In economics and political science, fiscal policy is the use of government revenue collection (taxes or tax cuts) and expenditure to influence a country's economy. The use of government revenues and expenditures to influence macroeconomic variables developed as a result of the Great Depression, when the previous laissez-faire approach to economic management became unpopular. Fiscal policy is based on the theories of the British economist John Maynard Keynes, whose Keynesian economics theorized that government changes in the levels of taxation and government spending influences aggregate demand and the level of economic activity. Fiscal and monetary policy are the key strategies used by a country's government and central bank to advance its economic objectives. The combination of these policies enables these authorities to target inflation (which is considered "healthy" at the level in the range 2%–3%) and to increase employment.
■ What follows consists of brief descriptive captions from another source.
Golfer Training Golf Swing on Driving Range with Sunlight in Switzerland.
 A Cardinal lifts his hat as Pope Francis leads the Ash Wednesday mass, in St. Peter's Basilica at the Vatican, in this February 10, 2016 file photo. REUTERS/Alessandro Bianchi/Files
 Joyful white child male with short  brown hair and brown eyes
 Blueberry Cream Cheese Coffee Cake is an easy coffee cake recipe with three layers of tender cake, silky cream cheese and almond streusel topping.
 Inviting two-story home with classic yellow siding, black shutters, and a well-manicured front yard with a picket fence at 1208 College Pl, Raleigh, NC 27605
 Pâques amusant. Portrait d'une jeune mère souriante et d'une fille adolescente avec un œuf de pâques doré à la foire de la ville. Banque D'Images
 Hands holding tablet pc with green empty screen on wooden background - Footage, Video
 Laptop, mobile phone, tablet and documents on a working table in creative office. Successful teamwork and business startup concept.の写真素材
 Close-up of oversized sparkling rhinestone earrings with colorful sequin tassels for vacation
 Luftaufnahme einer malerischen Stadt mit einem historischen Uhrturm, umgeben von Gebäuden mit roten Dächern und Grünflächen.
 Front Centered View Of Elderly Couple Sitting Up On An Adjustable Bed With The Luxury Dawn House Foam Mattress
Additionally, it is designed to try to keep GDP growth at 2%–3% and the unemployment rate near the natural unemployment rate of 4%–5%. This implies that fiscal policy is used to stabilize the economy over the course of the business cycle.
|Part of a series on|
Changes in the level and composition of taxation and government spending can affect macroeconomic variables, including:
- aggregate demand and the level of economic activity
- saving and investment
- income distribution
- allocation of resources.
Fiscal policy can be distinguished from monetary policy, in that fiscal policy deals with taxation and government spending and is often administered by a government department; while monetary policy deals with the money supply, interest rates and is often administered by a country's central bank. Both fiscal and monetary policies influence a country's economic performance.